• _WORK TASK_
All that should be output is the block of lines below from the line with "A man wearing" to the line with "En burk med", both included, exactly as written.

• _INFORMATION PROVIDED_
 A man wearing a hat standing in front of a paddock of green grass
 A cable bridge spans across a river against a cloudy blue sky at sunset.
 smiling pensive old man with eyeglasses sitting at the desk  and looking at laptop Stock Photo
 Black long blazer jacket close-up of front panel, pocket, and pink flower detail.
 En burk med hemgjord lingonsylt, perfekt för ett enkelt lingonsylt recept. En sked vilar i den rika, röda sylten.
* * *
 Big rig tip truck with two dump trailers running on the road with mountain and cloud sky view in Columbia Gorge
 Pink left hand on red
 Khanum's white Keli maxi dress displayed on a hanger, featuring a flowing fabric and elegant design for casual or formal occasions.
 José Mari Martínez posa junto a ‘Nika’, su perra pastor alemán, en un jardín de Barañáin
---
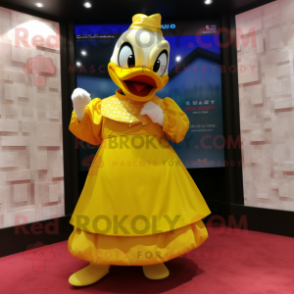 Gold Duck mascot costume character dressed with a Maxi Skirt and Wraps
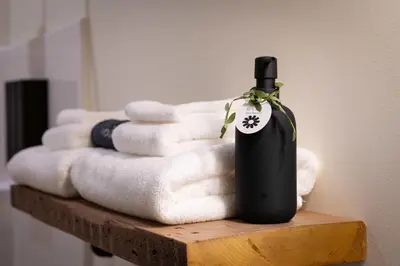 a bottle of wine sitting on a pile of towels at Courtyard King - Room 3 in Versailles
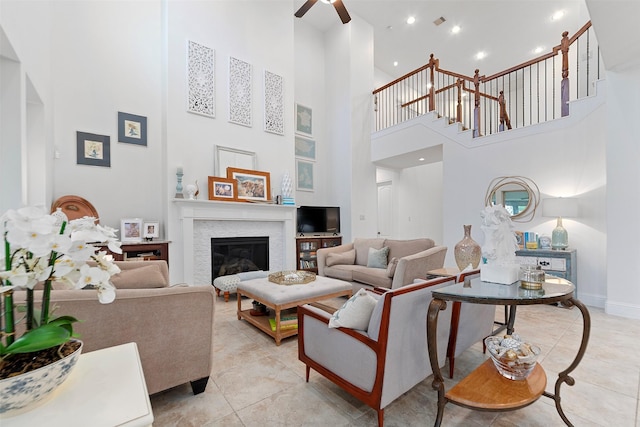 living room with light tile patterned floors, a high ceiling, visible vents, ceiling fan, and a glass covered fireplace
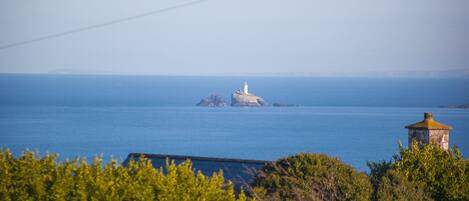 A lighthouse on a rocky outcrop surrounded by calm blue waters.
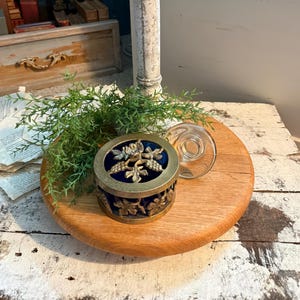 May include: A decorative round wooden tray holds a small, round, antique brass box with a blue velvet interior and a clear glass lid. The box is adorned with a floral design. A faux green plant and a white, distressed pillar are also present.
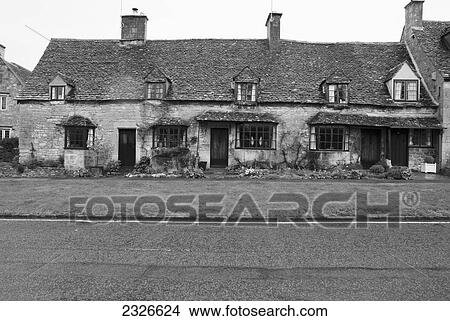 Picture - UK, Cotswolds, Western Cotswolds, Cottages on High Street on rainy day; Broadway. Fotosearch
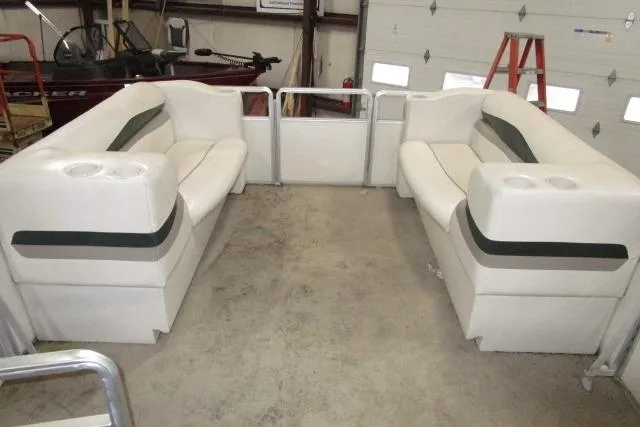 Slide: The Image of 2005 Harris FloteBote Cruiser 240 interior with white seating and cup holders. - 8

• _REPLY_
 A man wearing a hat standing in front of a paddock of green grass
 A cable bridge spans across a river against a cloudy blue sky at sunset.
 smiling pensive old man with eyeglasses sitting at the desk  and looking at laptop Stock Photo
 Black long blazer jacket close-up of front panel, pocket, and pink flower detail.
 En burk med hemgjord lingonsylt, perfekt för ett enkelt lingonsylt recept. En sked vilar i den rika, röda sylten.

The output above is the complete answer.